* _Task prompt_
Exactly as written, retype the listing below, omitting the pictures.

* _Data extract_
----

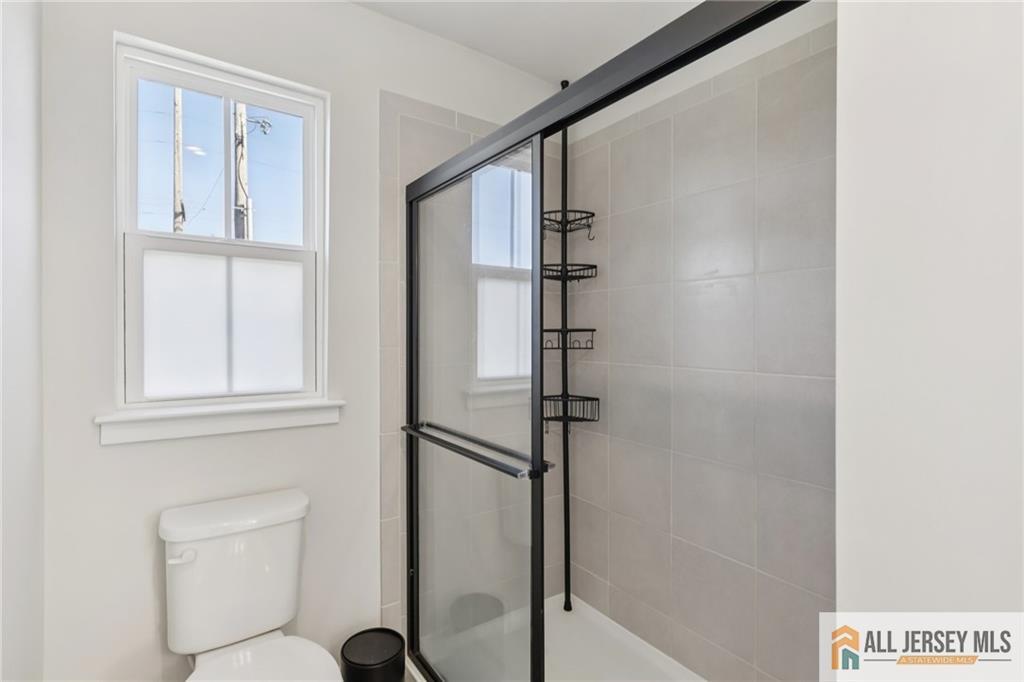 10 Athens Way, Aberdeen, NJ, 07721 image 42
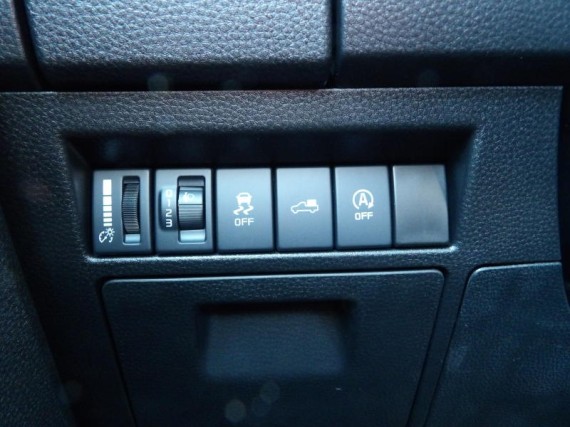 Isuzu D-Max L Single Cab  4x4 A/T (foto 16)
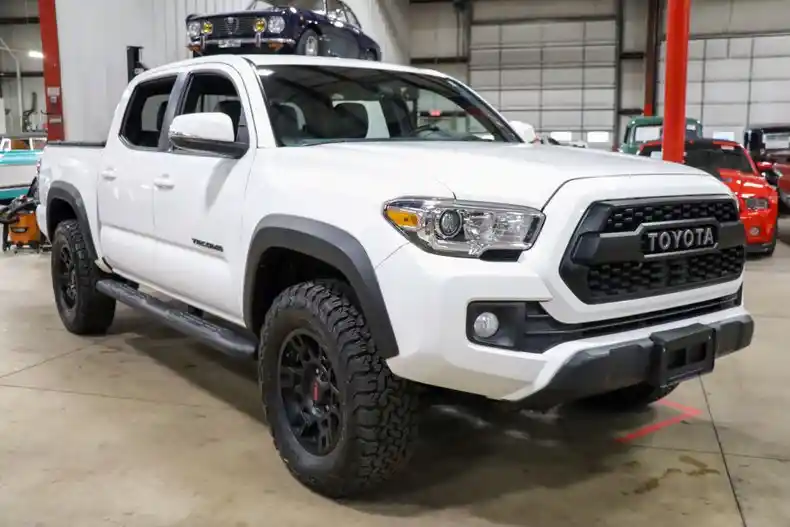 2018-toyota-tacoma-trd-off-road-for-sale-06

----

* _Response to this task_
 10 Athens Way, Aberdeen, NJ, 07721 image 42
 Isuzu D-Max L Single Cab  4x4 A/T (foto 16)
 2018-toyota-tacoma-trd-off-road-for-sale-06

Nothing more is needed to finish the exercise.